**Task instructions**
Go to the line holding "Floral Smock Neck" in the data below. Return it and each line after it through the last, exactly, and skip the pictures.

**Dataset records**
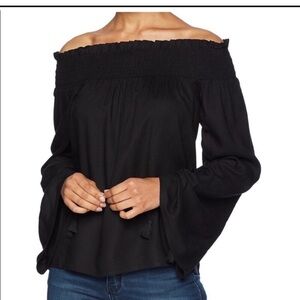 PAIGE Cherita Off-The-Shoulder Top Black Size Large Boho Flowy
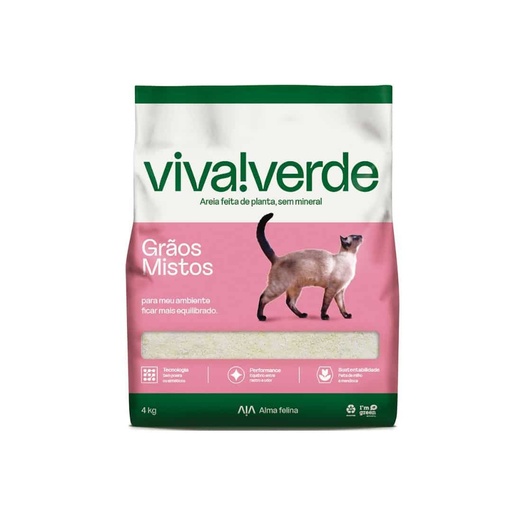 Arena para gato Viva Verde 4 Kg – Granos Mixtos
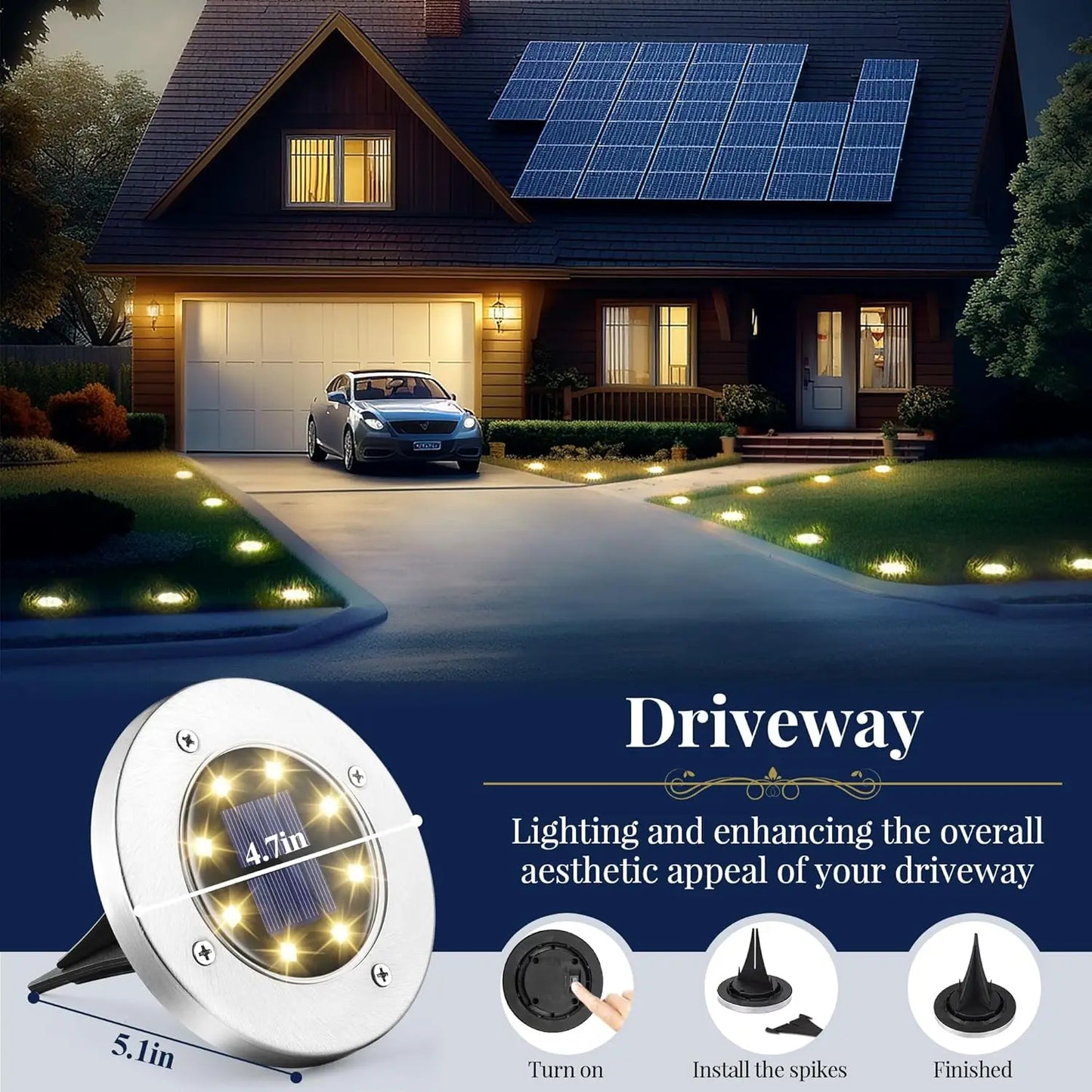 KPSTEK Solar Lights Outdoor 8 LED Landscape Pathway Garden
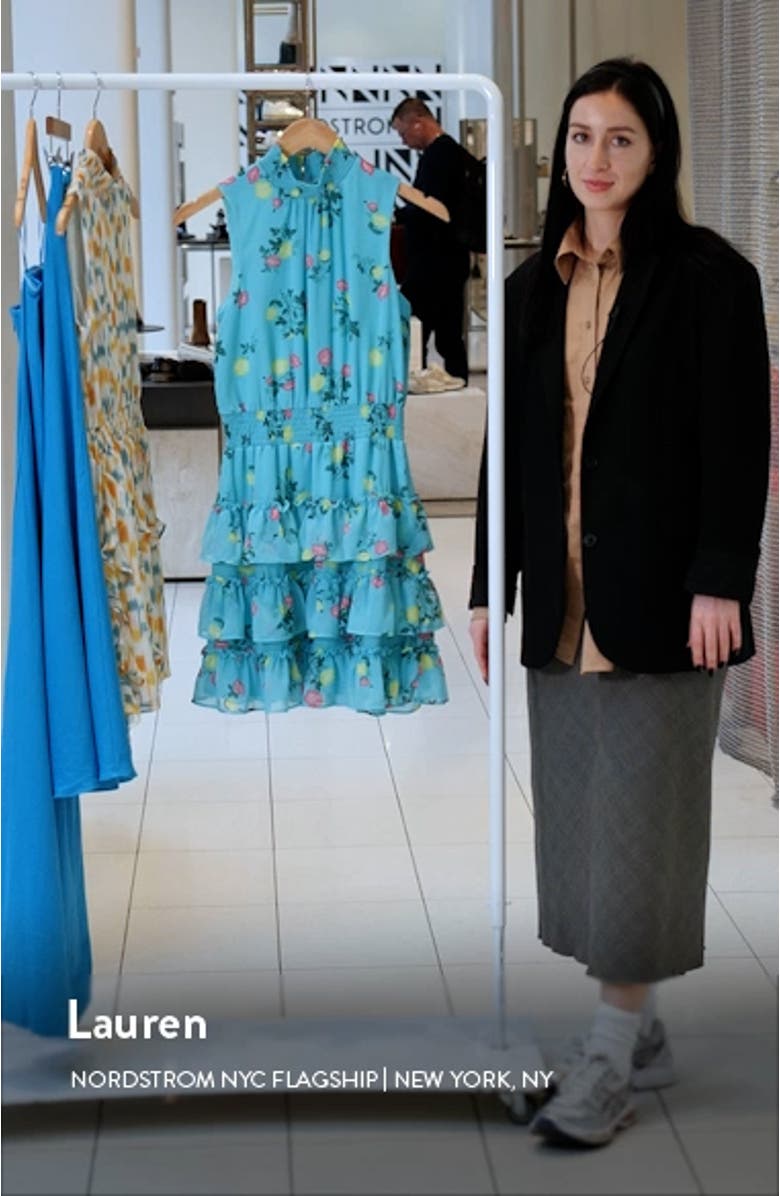 Floral Smock Neck Sleeveless Fit & Flare Dress, sales video thumbnail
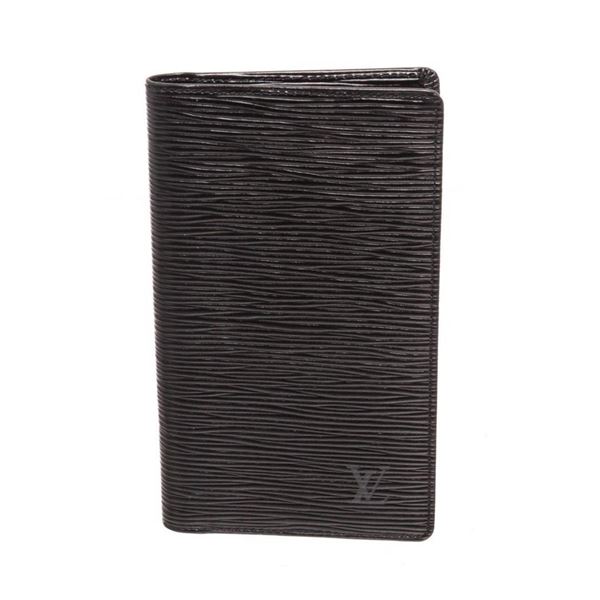 Louis Vuitton Black Epi Leather Long Checkbook Wallet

**Exercise answer**
 Floral Smock Neck Sleeveless Fit & Flare Dress, sales video thumbnail
 Louis Vuitton Black Epi Leather Long Checkbook Wallet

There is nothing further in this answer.